Office 365/Microsoft 365 users can now import data from a PDF to Excel using Power Query*.
It’s super handy for importing data tables inside PDF documents because Excel locates them for you ready to import. And if the data is a little messy you can use the Power Query transform tools to clean it before loading it into the Excel file.
*Only available to Office/Microsoft 365 subscribers, find out how to get the latest updates.
Tip: If you don’t have Office/Microsoft 365 then this same functionality is available in Power BI Desktop.
Watch the Video
Enter your email address below to download the sample workbook.
Import Data from a PDF to Excel Steps
Step 1: Get Data from PDF - It’s as easy as going to the Data tab of the ribbon > Get Data > From File > From PDF:
Step 2: Locate the PDF File you want to import to Excel - Browse to the location the PDF is saved > click Import:
Step 3: Select Tables and Pages in PDF - The Power Query Navigator window opens with a list of pages and tables Excel has identified in the PDF. You can select a table or page to preview in the pane on the right, as shown below with the table on page 7 displayed:
Step 4: Import Data from PDF or Clean - From here you can click the ‘Load’ button to import data directly to the Excel worksheet or to the Data Model. However, you’re most likely to want to do some more cleaning of the data first, in which case click the ‘Transform Data’ button to open the Power Query Editor:
Notice Power Query has correctly identified the column labels and placed them in the header row. If it doesn’t do this automatically, click on the drop down in the top left of the table > Use First Row as Headers:
Not all tables will import as easily. For example, Table2 in this PDF has column headers split over multiple rows. Watch the video to see how to fix them so they’re in a single row and can form the column labels.

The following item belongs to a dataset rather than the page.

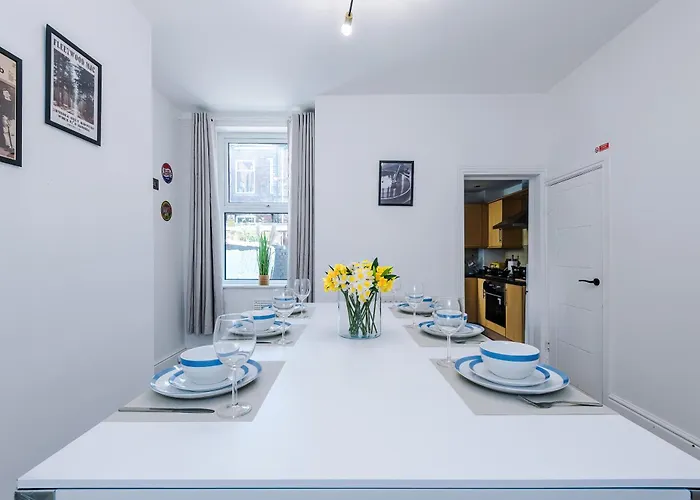 Stunning In Salford With Free Parking, Office, Pool & Ping Pong Table 펜션 맨체스터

When you’re done with tidying up the data, give the query a name in the Properties pane, then go to the Home tab > Close & Load to finalise importing data from the PDF to Excel.
Import Multiple Tables/Pages from PDF
If you have tables that run over multiple pages, for example credit card or bank statements, Power Query will automatically combine then into a single table.
You can also import consecutive pages with the StartPage and EndPage optional parameters like so:
= Pdf.Tables(File.Contents("C:\Sample.pdf"), [StartPage=3, EndPage=5])
More on the Pdf.Tables function here.
Import Multiple PDFs From Folder
If you have multiple PDFs containing data or tables with the same structure, you can use the Power Query Get Data From Folder connector to get them and import the data into a single table.